I've been running this app for ~4 years now, and outside of a few "asset" issues (javascript, css), we've probably deployed 500+ versions of the code and only run into a handful of issues. The backout plan? EB enables you to do two things- first being only deploy to a single set of nodes at a time. If one fails, it stops and your other production nodes are able to keep chugging along on the old code while you figure it out. The second, if something goes really sideways, you can re-deploy the most recent stable version and try again.Of course this all assumes you don't want to test your changes on a set of QA instances, which EB makes it trivial to do. With the success and flexibility we've had using this, we've only needed it a handful of times. Usually coupled with changing major ruby or rails versions.

But does it do WEBSCALE?

Over the years these methodologies not only helped us scale sideways, but coupled with a very cheap AWS bill, enabled us to run faster with very few FTE cycles. We don't worry about documenting things as much or what commands we were supposed to run to deploy something. In order to get it to work, it has to be doc'd, that's the nature of AWS and Ansible.

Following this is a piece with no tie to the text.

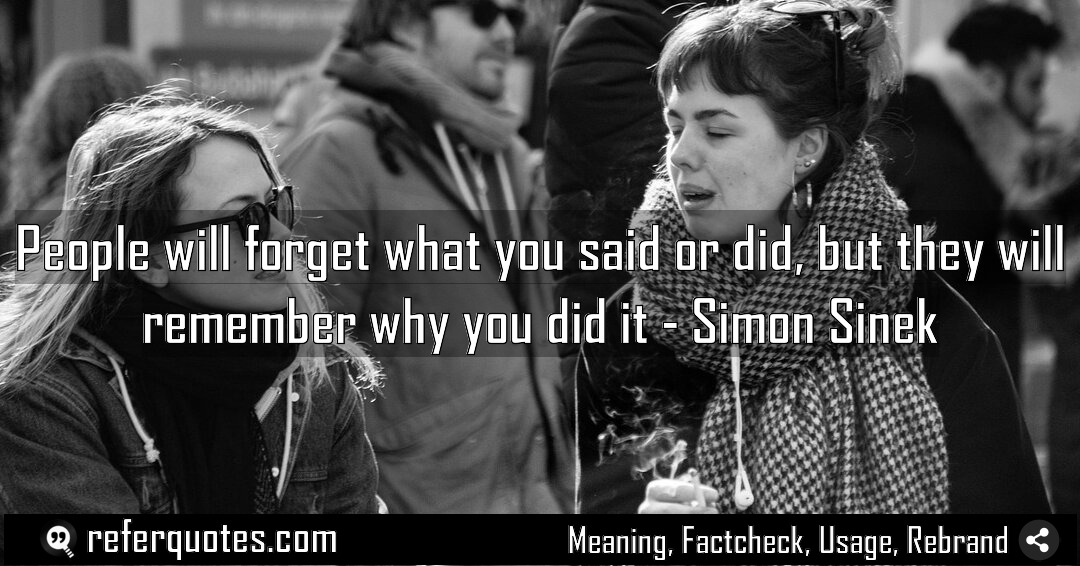 People will forget what you said or did Meaning Factcheck Usage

The more you deploy, the faster you can run, the less anxiety you have, the more you can compete. We don't lose track of longer running issues- because they're easy to write down in a compartmentalized way. This is key, because if you have a repo with 1000 issues in it, you might as well just delete them all. Nobody is going to prune through that list to see what's important, and with infrastructure related problems, that can really harm your operation.